Repito que no hay dos situaciones idénticas y, a día de hoy, es aún dudoso si las gestas empresariales de Francisco Correa y sus socios tenían como objetivo alimentar las arcas del Partido Popular, además de las propias y tal vez las de algún cargo político concreto. En cambio, los escenarios de 1990 y de 2009 coinciden bastante más en otro aspecto: la fragilidad del liderazgo del PP, por primerizo entonces, por erosionado y contestado ahora. El de Mariano Rajoy sufre desde las elecciones del pasado mes de marzo el acoso cotidiano de buena parte de los medios y las tribunas de la derecha madrileña, y el boicoteo explícito o sordo de una fracción del propio partido, atrincherada en baluartes tan poderosos como la Comunidad de Madrid. Precisamente esta última circunstancia diferencia de modo radical la posición actual de Esperanza Aguirre y la de los díscolos de 1990, los cuales carecían de cualquier poder institucional y pudieron ser barridos sin contemplación alguna.
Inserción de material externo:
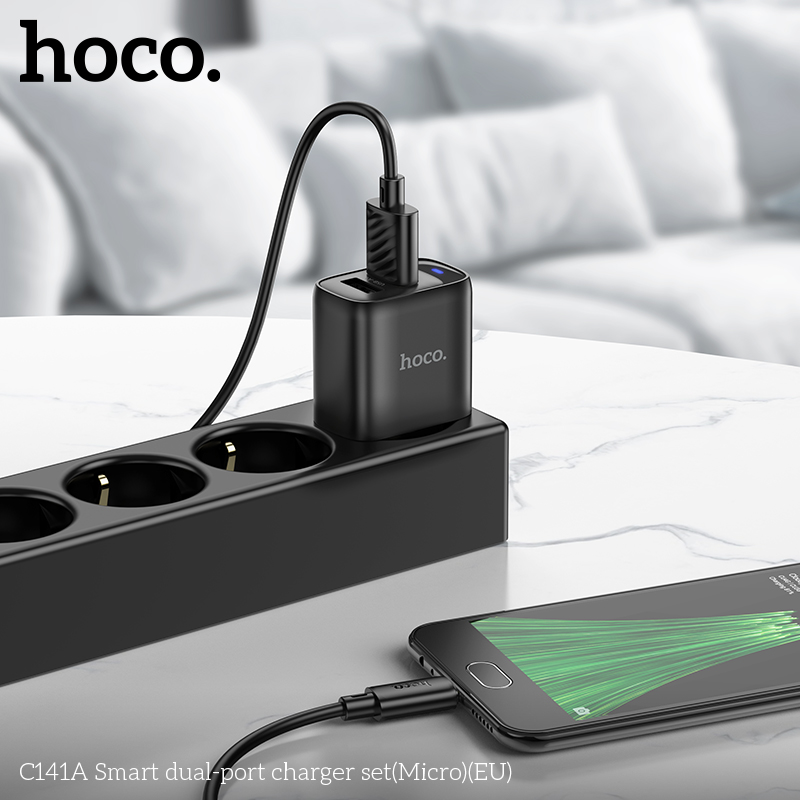 Bộ sạc HOCO C141A (Cóc 2 cổng USB, Cáp Usb ra Samsung Micro) báo đèn LED chính hãng [BH: 1 năm]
Entonces, ¿cuál es, para los inquilinos de la séptima planta de Génova 13, la salida del laberinto? Desde hace largo tiempo, el principal reproche con que se bombardea a Rajoy en todos los tonos es el de carecer de cuajo, ser un blando -un maricomplejines- y no ejercer ni su autoridad interna ni la jefatura de la oposición con suficientes energía, ni contundencia, ni mala leche. Pues bien, la actual y doble crisis de los espías y de los correas ofrece al presidente del PP una gran oportunidad de desmentirlo, de reafirmarse y hacerse respetar por propios y extraños. ¿He dicho una gran oportunidad? Rectifico: la última oportunidad.
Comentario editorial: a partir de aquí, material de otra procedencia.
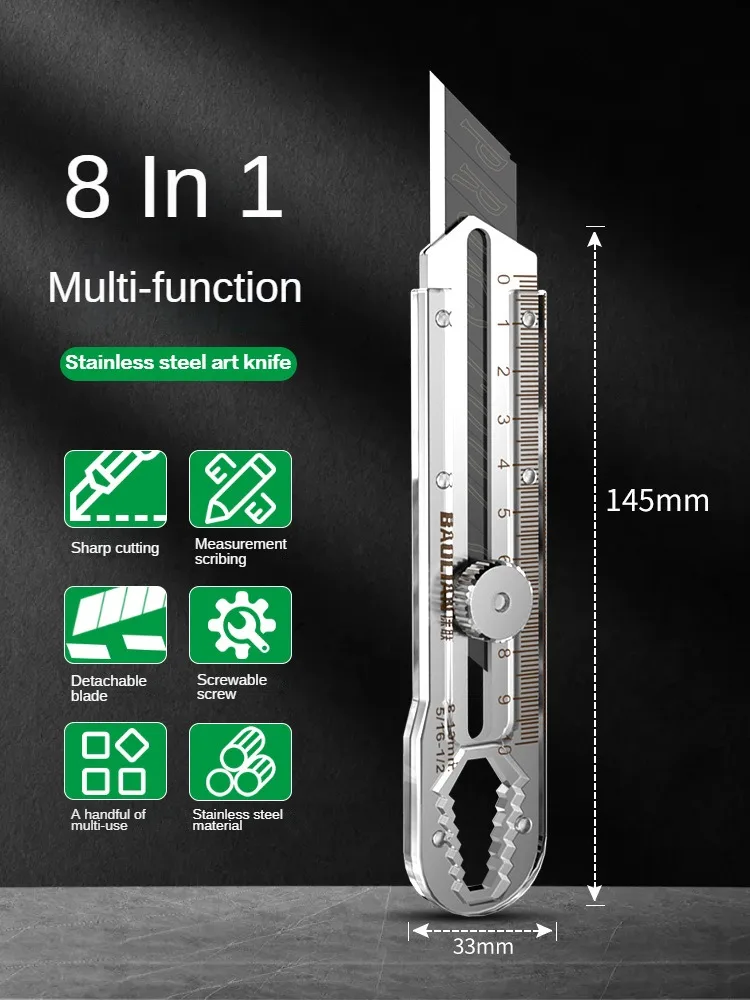 Heavy Equipment Blade - 8-in-1 multifunctioneel mes, doosopener, roestvrij staal,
Reelegido hace apenas medio año con un apoyo congresual del 82,7%, y después de haber obtenido la cabeza del ministro Bermejo, Mariano Rajoy se halla ahora en condiciones óptimas para abandonar la actitud defensiva de las últimas semanas y erigirse en el más firme paladín de la depuración de todas las responsabilidades internas que puedan derivarse de los escándalos en curso. Sí, ya sé que los partidos actuales son ante todo sindicatos de intereses cimentados sobre la protección mutua entre sus miembros. Pero si Rajoy no aprovecha la coyuntura para cortar unas cuantas cabezas, para poner en su sitio a los nostálgicos del aznarismo, a los secuaces de la condesa consorte, entonces ni las elecciones gallegas, ni las vascas ni las europeas le salvarán, cualquiera que sea su resultado. Si hay algo que la derecha española no tolera es a los líderes débiles.
Joan B. Culla i Clarà es historiador.